Exercise goal: Read through the records. Copy each line that has the word "Chain".
════════════════════
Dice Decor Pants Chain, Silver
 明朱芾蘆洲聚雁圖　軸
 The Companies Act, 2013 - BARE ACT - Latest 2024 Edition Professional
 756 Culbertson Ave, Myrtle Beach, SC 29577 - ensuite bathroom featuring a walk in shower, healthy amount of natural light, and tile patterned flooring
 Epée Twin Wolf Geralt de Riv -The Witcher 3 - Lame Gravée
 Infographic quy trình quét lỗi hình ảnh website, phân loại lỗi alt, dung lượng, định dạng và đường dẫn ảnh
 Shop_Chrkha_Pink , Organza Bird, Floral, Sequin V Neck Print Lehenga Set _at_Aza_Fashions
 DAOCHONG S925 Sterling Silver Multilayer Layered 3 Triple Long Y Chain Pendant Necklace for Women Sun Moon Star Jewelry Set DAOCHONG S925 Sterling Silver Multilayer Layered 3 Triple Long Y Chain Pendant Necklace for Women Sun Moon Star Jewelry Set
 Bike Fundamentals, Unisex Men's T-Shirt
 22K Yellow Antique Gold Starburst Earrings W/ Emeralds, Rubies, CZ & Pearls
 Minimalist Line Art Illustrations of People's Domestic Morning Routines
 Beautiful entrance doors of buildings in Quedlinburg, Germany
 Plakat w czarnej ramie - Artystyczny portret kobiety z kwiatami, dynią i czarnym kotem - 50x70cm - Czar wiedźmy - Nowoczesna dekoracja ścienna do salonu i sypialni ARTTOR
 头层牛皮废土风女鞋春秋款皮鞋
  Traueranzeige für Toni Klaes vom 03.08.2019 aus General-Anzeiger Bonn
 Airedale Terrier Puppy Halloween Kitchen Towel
════════════════════
Response to this task:
Dice Decor Pants Chain, Silver
 DAOCHONG S925 Sterling Silver Multilayer Layered 3 Triple Long Y Chain Pendant Necklace for Women Sun Moon Star Jewelry Set DAOCHONG S925 Sterling Silver Multilayer Layered 3 Triple Long Y Chain Pendant Necklace for Women Sun Moon Star Jewelry Set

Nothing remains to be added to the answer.